Recentemente, o governo federal deu um passo
importante para corrigir essa distorção ao propor a isenção do Imposto de
Renda para quem ganha
até R$ 5.000 e o aumento da alíquota para os mais ricos. Em que pese a
ampla repercussão da proposta, o debate sobre a reforma tributária não deve ser
reduzido a uma questão fiscal ou de concessão de benefícios.
O que está em jogo é a construção de um
sistema mais distributivo e justo. Durante anos, a regressividade do nosso
sistema permitiu que os mais ricos pagassem alíquotas menores em proporção à
sua renda, aprofundando a desigualdade.
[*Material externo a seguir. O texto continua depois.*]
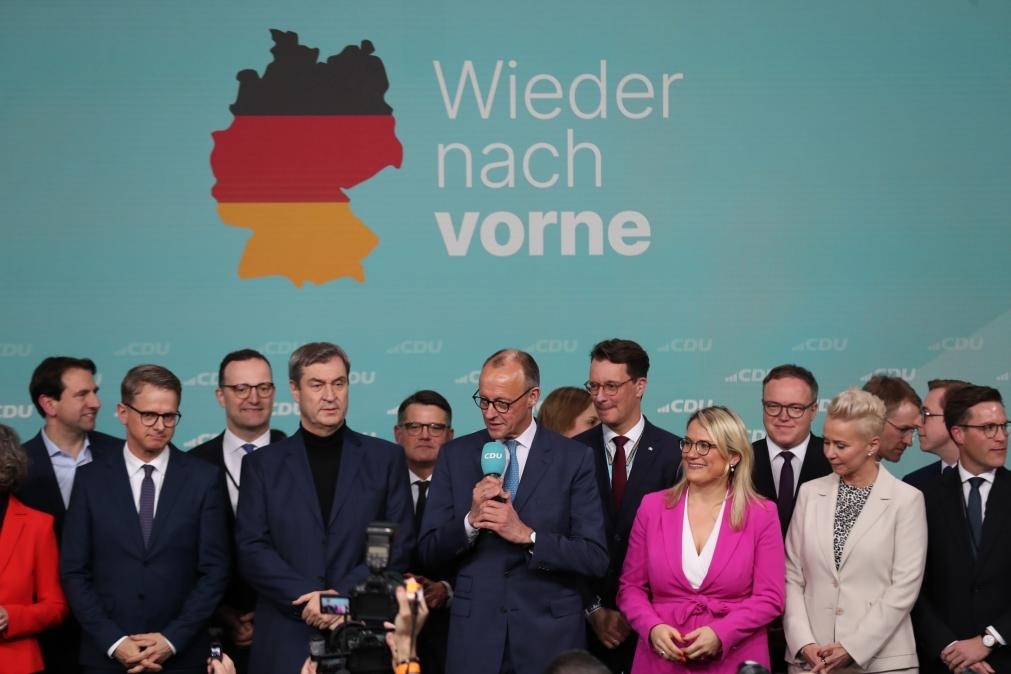 2月23日，在德國(guó)柏林的基督教民主聯(lián)盟總部，聯(lián)盟黨總理候選人默茨（中）在出口民調(diào)顯示領(lǐng)先后接受祝賀。新華社記者杜哲宇攝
Agora, o governo federal pretende
complementar as faixas e o mecanismo do imposto atualmente aplicado, que pode
resultar em alíquotas reais para os mais ricos até menores do que as aplicadas
sobre os mais pobres. A nova proposta caminha na direção certa ao defender a
implementação de um imposto mínimo para a população com maior poder aquisitivo,
promovendo um modelo efetivamente progressivo.
Nesse contexto, a taxação mais elevada para
os que possuem maior capacidade contributiva não deve ser vista como uma
punição, mas como um passo essencial para um ambiente
econômico mais equilibrado. Da mesma forma, a isenção do Imposto de Renda
para as camadas mais baixas não é um simples benefício —é um voto de confiança
na capacidade de ascensão social dessas pessoas. Um sistema progressivo permite
que aqueles que começam a ganhar mais passem a contribuir gradualmente, sem que
sejam tributados da mesma forma que os super-ricos.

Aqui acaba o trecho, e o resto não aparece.